Grands projets et garantie rurale

Reste à savoir quel sera le contenu du texte, et les "assouplissements" finalement apportés, ou non. De ces derniers dépendront le vote final de la plupart des groupes (de LFI au RN), seuls les groupes Renaissance et Horizons ayant d’emblée indiqué leur intention d’approuver le texte. Les débats se concentreront sans nul doute sur ses articles 4 et 7. Ils seront d’ailleurs examinés en priorité, à la demande du président de la commission des affaires économiques, Guillaume Kasbarian. À savoir la prise en compte des "projets structurants de demain" d’une part, et la "garantie rurale" de l’autre.

Pour les premiers, les discussions promettent d’être particulièrement dures.
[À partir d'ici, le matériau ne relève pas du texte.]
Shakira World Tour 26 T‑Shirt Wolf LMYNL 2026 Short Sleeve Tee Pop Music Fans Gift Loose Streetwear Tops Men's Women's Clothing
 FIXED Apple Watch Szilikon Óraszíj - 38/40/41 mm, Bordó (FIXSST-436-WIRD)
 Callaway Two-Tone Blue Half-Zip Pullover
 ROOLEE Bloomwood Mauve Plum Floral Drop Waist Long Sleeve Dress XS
Le problème de la comptabilisation des "grands projets" fut d’emblée relevé, notamment par les régions particulièrement concernées, comme celle des Hauts-de-France. Elle restait fort nébuleuse (voir notre article du 1er mars). Son acuité s’est depuis renforcée avec les velléités de réindustrialisation portées notamment par le projet de loi Industrie verte (voir notre article du 16 mai), la position du ministre de l’Économie sur la (non) prise en compte de ces projets industriels dans les enveloppes ZAN (voir notre article du 1er juin) n'épousant pas celle défendue par son collègue de la transition écologique. Lors de l'examen du projet de loi en commission (voir notre article du 19 juin), les sénateurs sont, eux, allés dans le sens de Bruno Le Maire.

Pour la seconde, tous les groupes – à l’exception des écologistes – devraient au moins se retrouver sur le principe, voire les modalités (le groupe LFI s’étant prononcé en faveur d’une garantie en pourcentage – solution naguère proposée par Christophe Béchu et à laquelle il a finalement renoncé – plutôt qu’en hectare). Du groupe LR ("le maire ne doit pas être un exécutant du ZAN", tonne Marc Le Fur), aux groupes communiste (Sébastien Jumel plaidant pour "le droit des maires à demeurer souverains en matière d’aménagement", dénonçant des "communes malmenées par des décennies d’abandon en tous genres" et voyant dans la mise en place du ZAN "une usine à emmerdements") et RN (Christine Engrand dénonçant "un véritable projet d’affaiblissement de la cellule communale" et les modalités inéquitables du texte, alors que "28% des communes ne sont responsables que de 5% de la consommation des terres entre 2009 et 2021"), en passant encore par le groupe Liot.

Concilier Assemblée et Sénat

Surtout, restera alors à concilier les positions de l’Assemblée et du Sénat, ce qui risque d’être d’autant plus malaisé que la version de ce dernier aura été rabotée par la chambre basse. À l’approche des élections sénatoriales, on imagine toutefois mal les sénateurs renoncer par jusqu’au boutisme à un certain nombre "d’améliorations" souhaitées par les maires, prévues par le texte et qui semblent faire consensus. Ainsi de la prise en compte des opérations de renaturation conduites avant 2031, de l’introduction d’un sursis à statuer sur les demandes d’autorisation d’urbanisme, de la prise en compte du recul du trait de côte ou encore, last but not least, du passage d’un "rapport de compatibilité" à un "rapport de prise en compte des dispositions du Sraddet (ou du SAR) relatives à la lutte contre l’artificialisation dans les documents d’urbanisme. "C’est souhaité par l’Association des maires de France et Régions de France ne demande pas la prescriptivité, ce qui fait que c’est un peu complexe d’aller défendre une mesure quand vous n’avez pas d’amis ou d’alliés pour être capable de la déployer", convenait devant la presse Christophe Béchu.